## EXERCISE
Give back the records below exactly, every one, with no pictures.

## RECORDED DATA

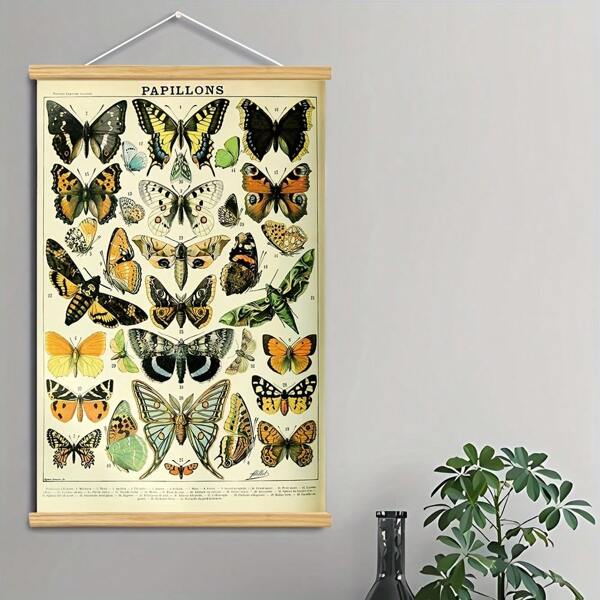 BAEMEFLE Ilustraciones vintage de mariposas e insectos - Arte de lienzo enmarcado para decoración del hogar y la oficina, perfecto para paredes de dormitorios y salas de estar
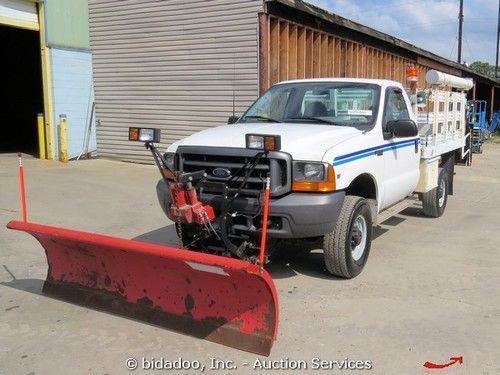 Ford f-250 4x4 snow plow truck flatbed lift gate 5.4 v-8 a/t a/c bidadoo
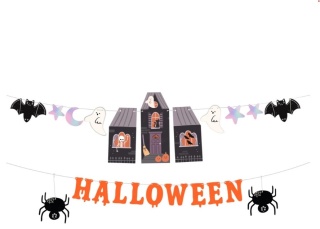 PartyPal Baner Halloween Spooky Friends 135x45cm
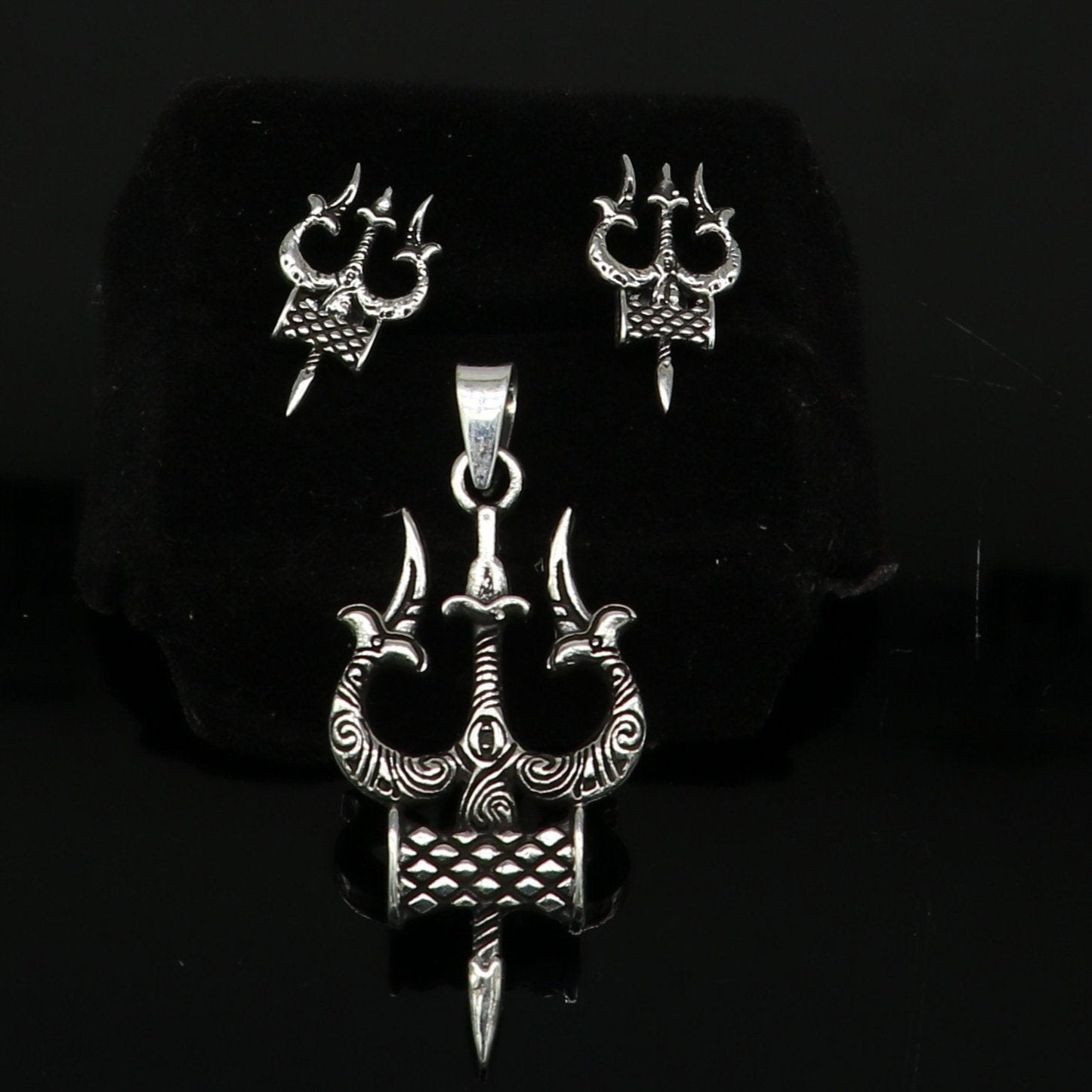 Idol lord Shiva trident damaru shape 925 sterling silver customized designer pendant with stud, gorgeous stylish best gifting pendant ssp359 - TRIBAL ORNAMENTS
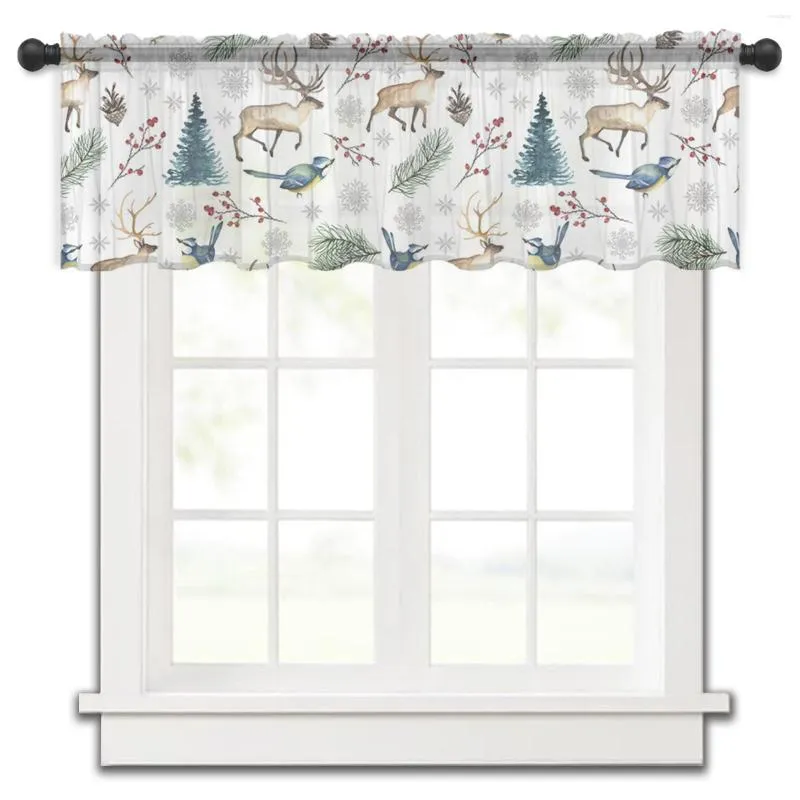 Cortina Natal Floco de Neve Elk Baga Pássaro Cozinha Pequeno Tule Transparente Quarto Curto Sala de Estar Decoração para Casa Cortinas Voile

## YOUR RESPONSE
 BAEMEFLE Ilustraciones vintage de mariposas e insectos - Arte de lienzo enmarcado para decoración del hogar y la oficina, perfecto para paredes de dormitorios y salas de estar
 Ford f-250 4x4 snow plow truck flatbed lift gate 5.4 v-8 a/t a/c bidadoo
 PartyPal Baner Halloween Spooky Friends 135x45cm
 Idol lord Shiva trident damaru shape 925 sterling silver customized designer pendant with stud, gorgeous stylish best gifting pendant ssp359 - TRIBAL ORNAMENTS
 Cortina Natal Floco de Neve Elk Baga Pássaro Cozinha Pequeno Tule Transparente Quarto Curto Sala de Estar Decoração para Casa Cortinas Voile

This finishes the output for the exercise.